The data frame has to contain a column named “entity_type”. Any columns matching the schema columns will be processed, all other columns will be ignored.
- Parameters
entity_df (pd.DataFrame) – The dataframe with new entities.
- property df¶
Get a dataframe with all entities.
- Returns
schema_df – The dataframe with all entities.
- Return type
pd.DataFrame
- class MiningWidget(**kwargs)[source]¶
Bases:
ipywidgets.widgets.widget_box.VBox
The mining widget.
- Parameters
mining_server_url (str) – The URL of the mining server.
mining_schema (bluesearch.widgets.MiningSchema) – The requested mining schema (entity, relation, attribute types).
article_saver (bluesearch.widgets.ArticleSaver) – An instance of the article saver.
default_text (string, optional) – The default text assign to the text area.
use_cache (bool) – If True the mining server will use cached mining results stored in an SQL database. Should lead to major speedups.
checkpoint_path (str or pathlib.Path, optional) – Path where checkpoints are saved to and loaded from. If None, defaults to ~/.cache/bluesearch/widgets_checkpoints folder.
- get_extracted_table()[source]¶
Retrieve the table with the mining results.
- Returns
results_table – The table with the mining results.
- Return type
pandas.DataFrame
- textmining_pipeline(information, schema_df, debug=False)[source]¶
Handle text mining server requests depending on the type of information.
- Parameters
information (str or list.) – Information can be either a raw string text, either a list of tuples (article_id, paragraph_id) related to the database.
schema_df (pd.DataFrame) – A dataframe with the requested mining schema (entity, relation, attribute types).
debug (bool) – If True, columns are not necessarily matching the specification. However, they contain debugging information. If False, then matching exactly the specification.
- Returns
table_extractions – The final table. If debug=True then it contains all the metadata. If False then it only contains columns in the official specification.
- Return type
pd.DataFrame
- class SearchWidget(**kwargs)[source]¶
Bases:
ipywidgets.widgets.widget_box.VBox
Widget for search engine.
- Parameters
bbs_search_url (str) – The URL of the bbs_search server.
bbs_mysql_engine (sqlalchemy.engine.Engine) – Engine for connections to the bbs_mysql server.

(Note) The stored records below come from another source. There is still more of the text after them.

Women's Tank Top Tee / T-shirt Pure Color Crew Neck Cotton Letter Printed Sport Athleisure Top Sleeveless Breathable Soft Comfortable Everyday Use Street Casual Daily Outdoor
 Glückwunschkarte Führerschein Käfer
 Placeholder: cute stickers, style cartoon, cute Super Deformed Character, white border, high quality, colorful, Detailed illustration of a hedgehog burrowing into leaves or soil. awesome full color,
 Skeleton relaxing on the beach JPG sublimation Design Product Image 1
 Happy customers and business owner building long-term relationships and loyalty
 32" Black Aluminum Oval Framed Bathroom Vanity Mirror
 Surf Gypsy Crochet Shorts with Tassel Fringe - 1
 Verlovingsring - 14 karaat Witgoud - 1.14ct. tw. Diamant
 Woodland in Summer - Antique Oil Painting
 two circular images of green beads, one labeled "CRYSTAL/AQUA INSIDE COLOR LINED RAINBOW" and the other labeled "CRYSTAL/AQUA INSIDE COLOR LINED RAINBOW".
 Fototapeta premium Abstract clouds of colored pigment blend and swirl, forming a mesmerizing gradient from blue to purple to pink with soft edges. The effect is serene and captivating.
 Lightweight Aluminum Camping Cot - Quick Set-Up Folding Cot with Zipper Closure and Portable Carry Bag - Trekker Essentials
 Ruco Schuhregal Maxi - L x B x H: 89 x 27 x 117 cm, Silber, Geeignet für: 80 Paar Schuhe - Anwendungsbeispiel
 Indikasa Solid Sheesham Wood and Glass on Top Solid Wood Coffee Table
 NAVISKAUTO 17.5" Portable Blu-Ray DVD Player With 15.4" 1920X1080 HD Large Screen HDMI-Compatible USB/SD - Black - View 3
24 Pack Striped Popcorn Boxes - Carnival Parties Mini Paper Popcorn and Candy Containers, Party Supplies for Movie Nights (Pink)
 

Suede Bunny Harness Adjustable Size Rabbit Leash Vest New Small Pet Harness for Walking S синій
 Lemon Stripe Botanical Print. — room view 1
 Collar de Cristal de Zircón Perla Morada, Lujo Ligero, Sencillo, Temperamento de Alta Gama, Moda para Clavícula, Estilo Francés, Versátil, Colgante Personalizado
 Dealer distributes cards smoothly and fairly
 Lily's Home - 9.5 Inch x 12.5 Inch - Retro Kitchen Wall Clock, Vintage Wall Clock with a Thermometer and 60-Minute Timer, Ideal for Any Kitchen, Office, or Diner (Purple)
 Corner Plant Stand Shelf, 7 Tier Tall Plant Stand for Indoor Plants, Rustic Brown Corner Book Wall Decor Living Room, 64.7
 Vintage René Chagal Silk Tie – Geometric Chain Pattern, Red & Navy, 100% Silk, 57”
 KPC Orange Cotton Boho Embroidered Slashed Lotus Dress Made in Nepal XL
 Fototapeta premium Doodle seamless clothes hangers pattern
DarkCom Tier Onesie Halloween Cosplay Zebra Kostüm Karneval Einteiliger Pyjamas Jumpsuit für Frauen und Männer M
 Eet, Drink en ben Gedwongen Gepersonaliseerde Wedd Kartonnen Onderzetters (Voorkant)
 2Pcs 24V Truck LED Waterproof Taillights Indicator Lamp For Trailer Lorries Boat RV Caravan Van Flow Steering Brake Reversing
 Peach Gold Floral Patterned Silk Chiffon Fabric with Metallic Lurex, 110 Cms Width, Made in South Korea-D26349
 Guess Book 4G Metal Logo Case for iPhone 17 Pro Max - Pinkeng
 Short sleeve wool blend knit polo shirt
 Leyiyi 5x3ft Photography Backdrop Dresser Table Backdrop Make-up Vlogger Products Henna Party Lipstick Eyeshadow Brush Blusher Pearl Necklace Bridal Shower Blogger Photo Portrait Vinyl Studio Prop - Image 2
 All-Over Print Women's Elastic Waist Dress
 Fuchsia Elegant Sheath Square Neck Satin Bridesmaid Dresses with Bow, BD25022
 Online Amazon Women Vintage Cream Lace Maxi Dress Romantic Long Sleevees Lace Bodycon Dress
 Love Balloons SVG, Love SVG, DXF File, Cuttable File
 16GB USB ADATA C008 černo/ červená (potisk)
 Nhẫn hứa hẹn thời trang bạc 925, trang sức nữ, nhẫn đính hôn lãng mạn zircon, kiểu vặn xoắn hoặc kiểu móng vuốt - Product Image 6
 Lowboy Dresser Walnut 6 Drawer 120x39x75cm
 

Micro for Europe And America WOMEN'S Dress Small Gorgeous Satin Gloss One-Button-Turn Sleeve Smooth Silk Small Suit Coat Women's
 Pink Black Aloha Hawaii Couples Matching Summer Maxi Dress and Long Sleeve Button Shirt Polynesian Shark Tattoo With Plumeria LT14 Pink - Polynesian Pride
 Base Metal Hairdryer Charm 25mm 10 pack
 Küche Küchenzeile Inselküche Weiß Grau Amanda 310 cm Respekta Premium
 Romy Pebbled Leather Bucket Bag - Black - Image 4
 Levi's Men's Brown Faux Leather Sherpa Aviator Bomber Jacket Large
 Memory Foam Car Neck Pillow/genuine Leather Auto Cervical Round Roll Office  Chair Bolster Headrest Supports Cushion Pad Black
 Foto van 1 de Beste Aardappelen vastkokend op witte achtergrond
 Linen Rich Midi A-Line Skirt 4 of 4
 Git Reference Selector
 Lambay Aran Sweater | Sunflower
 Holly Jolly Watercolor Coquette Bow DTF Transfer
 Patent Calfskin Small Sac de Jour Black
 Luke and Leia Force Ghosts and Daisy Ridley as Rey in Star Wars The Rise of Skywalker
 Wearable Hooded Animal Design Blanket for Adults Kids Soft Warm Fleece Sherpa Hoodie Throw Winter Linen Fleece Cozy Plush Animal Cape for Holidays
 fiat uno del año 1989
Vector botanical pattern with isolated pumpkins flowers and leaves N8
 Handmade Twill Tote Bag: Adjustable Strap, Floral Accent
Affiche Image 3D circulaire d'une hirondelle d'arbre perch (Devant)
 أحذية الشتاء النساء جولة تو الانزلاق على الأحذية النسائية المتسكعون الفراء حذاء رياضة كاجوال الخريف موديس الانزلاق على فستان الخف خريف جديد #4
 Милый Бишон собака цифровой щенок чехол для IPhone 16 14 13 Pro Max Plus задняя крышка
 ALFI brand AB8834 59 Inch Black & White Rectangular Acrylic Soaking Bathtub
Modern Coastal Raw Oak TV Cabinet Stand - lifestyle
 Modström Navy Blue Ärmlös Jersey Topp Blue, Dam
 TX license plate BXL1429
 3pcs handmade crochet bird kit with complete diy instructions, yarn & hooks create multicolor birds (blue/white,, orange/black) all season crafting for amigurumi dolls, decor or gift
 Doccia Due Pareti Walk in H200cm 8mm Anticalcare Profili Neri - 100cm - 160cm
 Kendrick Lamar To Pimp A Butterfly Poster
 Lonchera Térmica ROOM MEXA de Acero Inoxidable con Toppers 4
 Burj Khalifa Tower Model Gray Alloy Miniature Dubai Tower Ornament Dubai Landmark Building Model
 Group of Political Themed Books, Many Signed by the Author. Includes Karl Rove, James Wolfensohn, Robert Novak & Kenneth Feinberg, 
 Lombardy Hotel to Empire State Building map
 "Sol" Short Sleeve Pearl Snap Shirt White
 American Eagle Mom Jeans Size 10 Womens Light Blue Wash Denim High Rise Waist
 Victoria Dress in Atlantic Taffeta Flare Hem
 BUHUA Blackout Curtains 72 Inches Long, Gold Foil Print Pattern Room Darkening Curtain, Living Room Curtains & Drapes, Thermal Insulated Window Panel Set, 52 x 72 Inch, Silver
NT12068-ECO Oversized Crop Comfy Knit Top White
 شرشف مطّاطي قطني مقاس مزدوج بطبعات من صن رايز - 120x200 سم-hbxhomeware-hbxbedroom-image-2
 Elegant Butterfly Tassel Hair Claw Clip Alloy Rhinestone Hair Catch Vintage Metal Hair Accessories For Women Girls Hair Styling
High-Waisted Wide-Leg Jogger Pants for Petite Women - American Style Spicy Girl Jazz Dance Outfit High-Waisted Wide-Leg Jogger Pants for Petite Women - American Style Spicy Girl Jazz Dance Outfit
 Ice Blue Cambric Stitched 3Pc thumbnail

article_saver (bluesearch.widgets.ArticleSaver, optional) – If specified, this article saver will keep all the article_id of interest for the user during the different queries.
results_per_page (int, optional) – The number of results to display per results page.
checkpoint_path (str or pathlib.Path, optional) – Path where checkpoints are saved to and loaded from. If None, defaults to ~/.cache/bluesearch/widgets_checkpoints.
- static highlight_in_paragraph(paragraph, sentence)[source]¶
Highlight a given sentence in the paragraph.
- Parameters
paragraph (str) – The paragraph in which to highlight the sentence.
sentence (str) – The sentence to highlight.
- Returns
formatted_paragraph – The paragraph containing sentence with the sentence highlighted in color
- Return type
str
- print_single_result(result_info, print_whole_paragraph)[source]¶
Retrieve metadata and complete the report with HTML string given sentence_id.
- Parameters
result_info (dict) – The information for a single result obtained by calling _fetch_result_info.
print_whole_paragraph (bool) – If true, the whole paragraph will be displayed in the results of the widget.
- Returns
article_metadata (str) – Formatted string containing the metadata of the article.
formatted_output (str) – Formatted output of the sentence.
- saved_results()[source]¶
Get all search results that were flagged for saving.
- Returns
saved_items_df – A data frame with all saved search results.
- Return type
pd.DataFrame
- set_page(new_page, force=False)[source]¶
Go to a given page in the results view.
- Parameters
new_page (int) – The new page number to go to.
force (bool) – By default, if new_page is the same one as the one currently viewed, the the page is not reloaded. To reload the page set this parameter to True. This is ueful when new results have been fetched and so the view needs to be updated.